- **Your assignment**: The full set of entries is to be printed exactly, with pictures excluded.

- **Data for the task**:
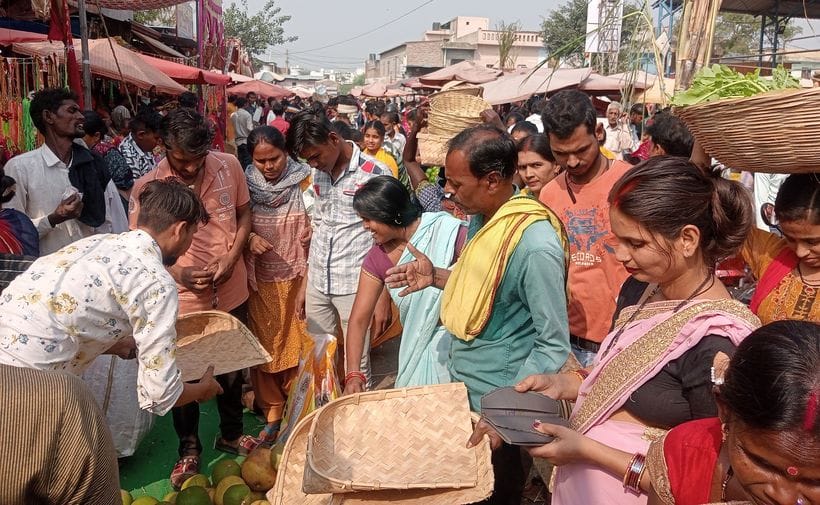 फोटो 10- सोनीपत की सब्जी मंडी में छठ महापर्व के पूजन को लेकर पूजन सामग्री खरीदती महिलाएं। संवाद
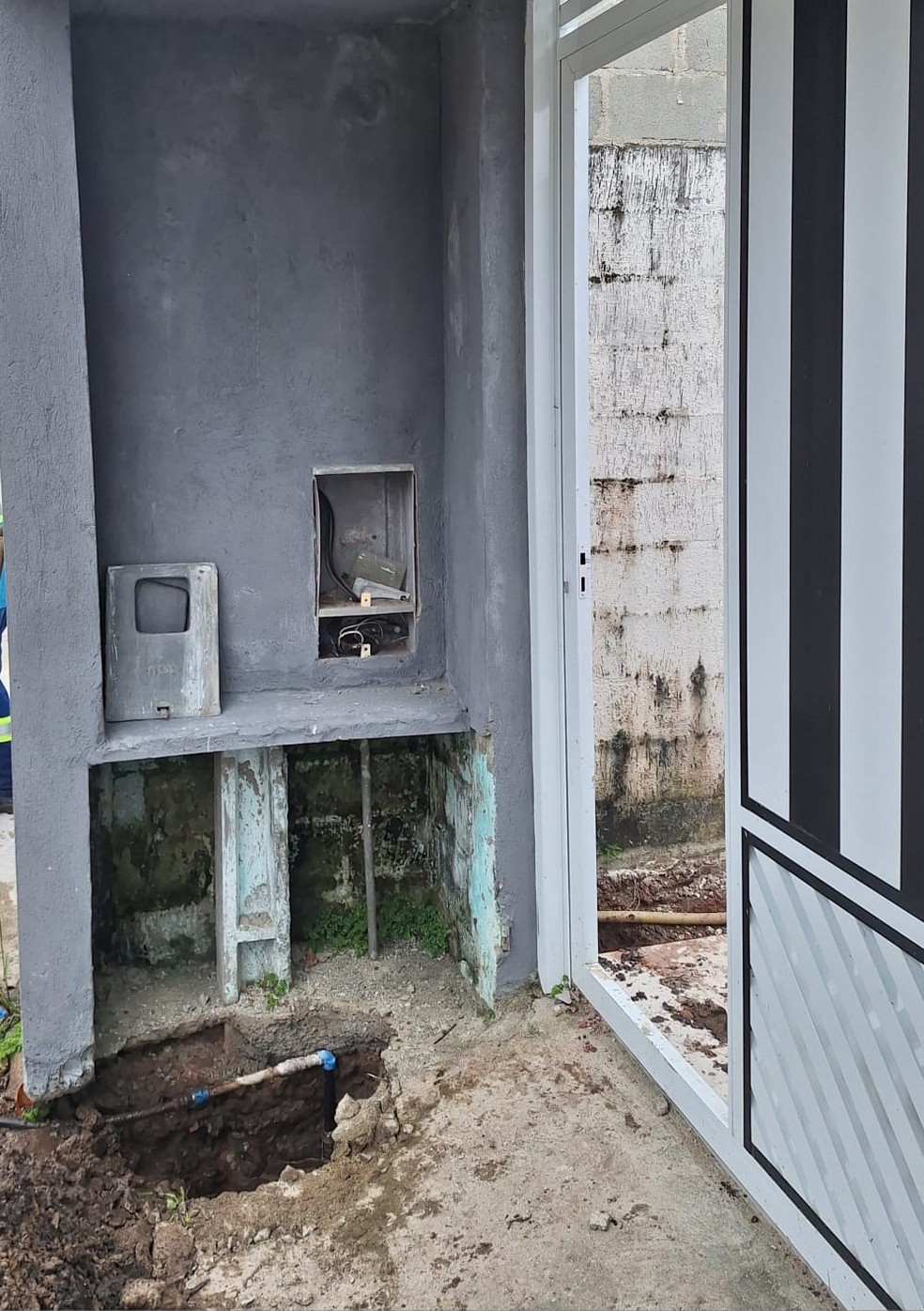 Imóvel usado para realização de pancadões, no bairro Cibratel II, em Itanhaém, não tinha relógio medidor e hidrômetro — Foto: Polícia Civil/Divulgação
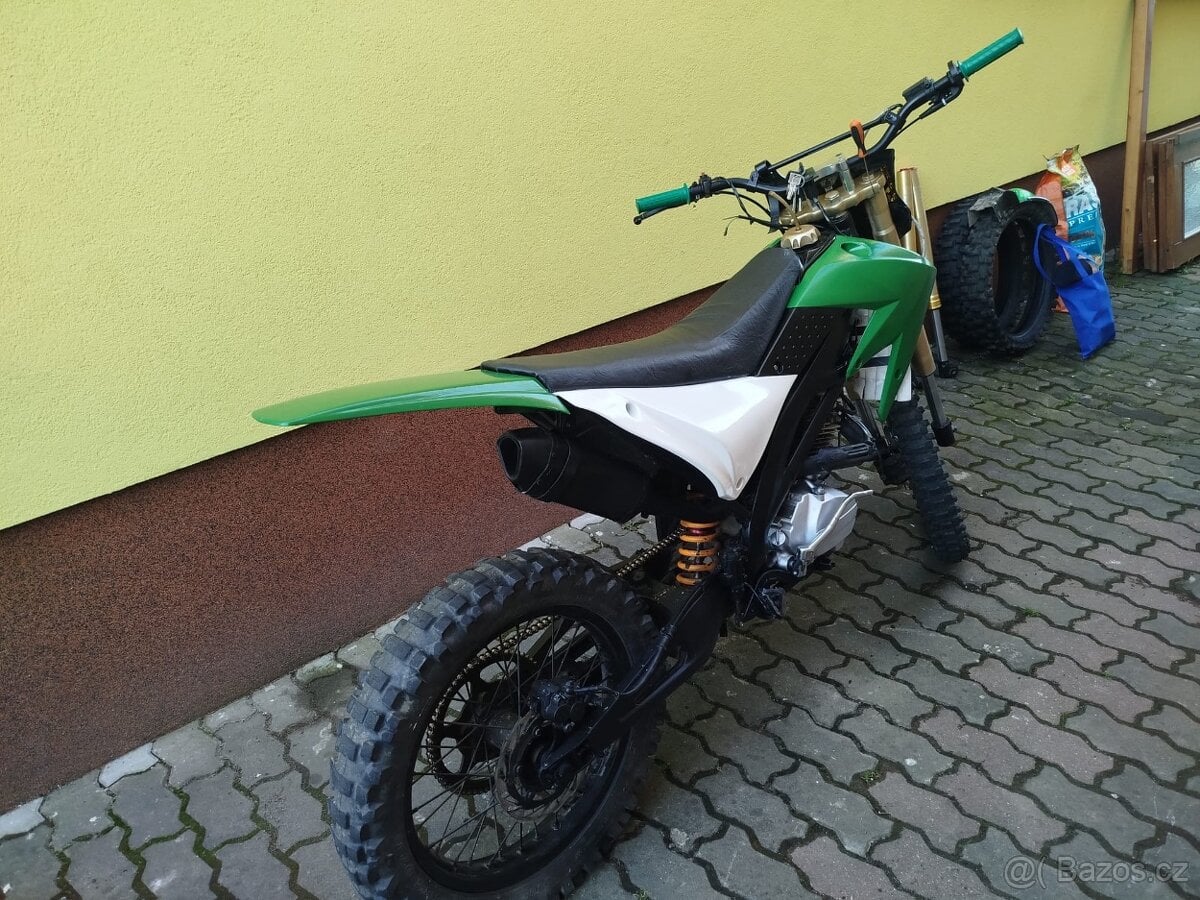 X moto 250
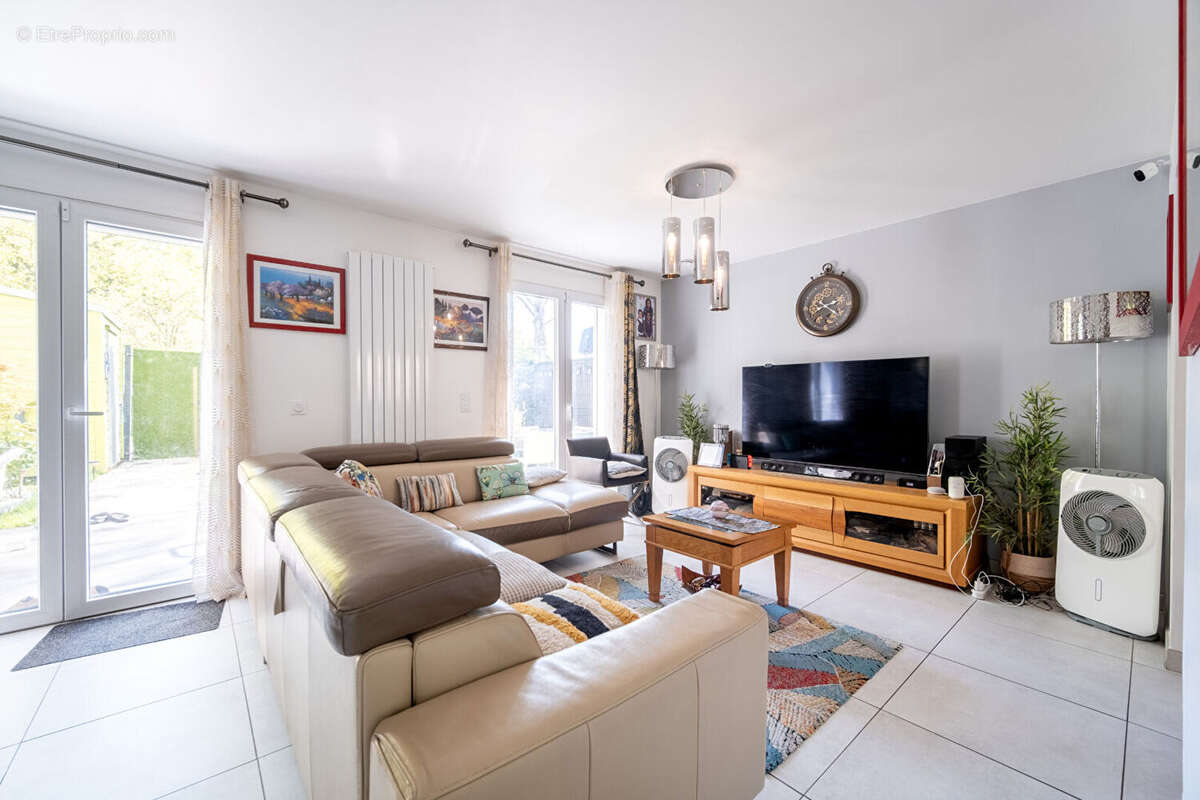 Maison à VILLENEUVE-SAINT-GEORGES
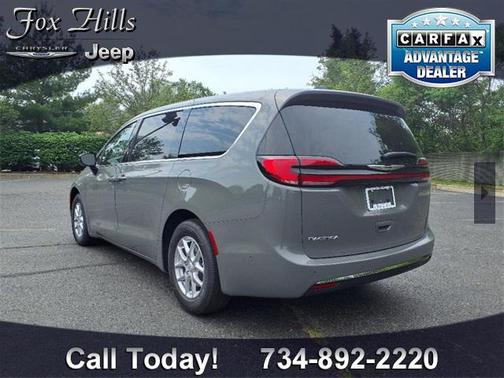 2025 Chrysler Pacifica L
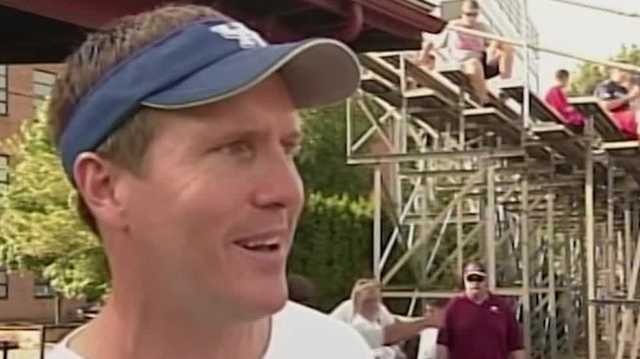 Kentucky football legend honored at UK Kickoff Luncheon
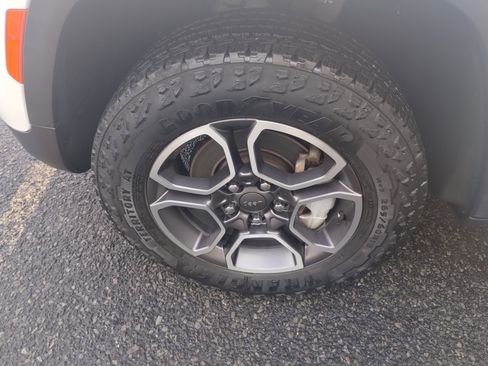 Used 2022 Jeep Grand Cherokee Trailhawk image 21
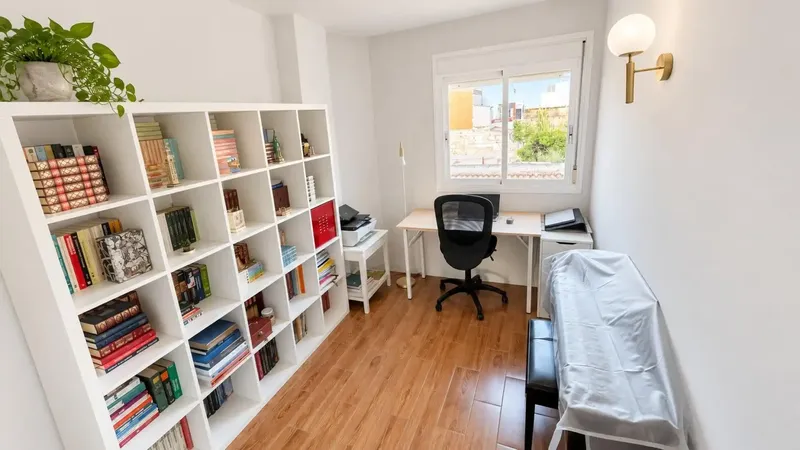 Space, light and tranquility in Son Ferriol: 4 bedrooms, two bathrooms and a large balcony to enjoy every day. — photo 11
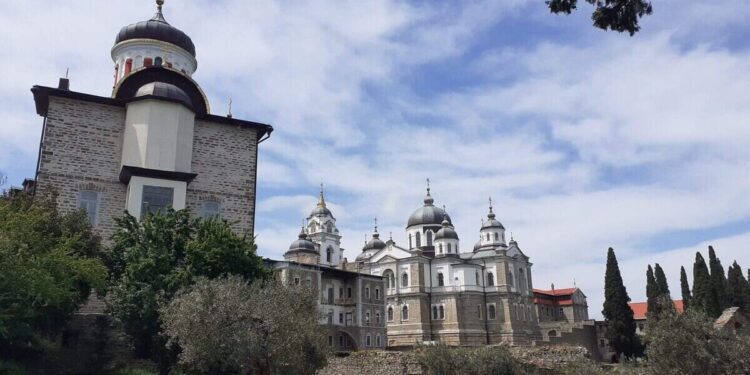 Explorando Dafni y Karyés en Monte Athos: guía de viaje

- **Expected answer**:
 फोटो 10- सोनीपत की सब्जी मंडी में छठ महापर्व के पूजन को लेकर पूजन सामग्री खरीदती महिलाएं। संवाद
 Imóvel usado para realização de pancadões, no bairro Cibratel II, em Itanhaém, não tinha relógio medidor e hidrômetro — Foto: Polícia Civil/Divulgação
 X moto 250
 Maison à VILLENEUVE-SAINT-GEORGES
 2025 Chrysler Pacifica L
 Kentucky football legend honored at UK Kickoff Luncheon
 Used 2022 Jeep Grand Cherokee Trailhawk image 21
 Space, light and tranquility in Son Ferriol: 4 bedrooms, two bathrooms and a large balcony to enjoy every day. — photo 11
 Explorando Dafni y Karyés en Monte Athos: guía de viaje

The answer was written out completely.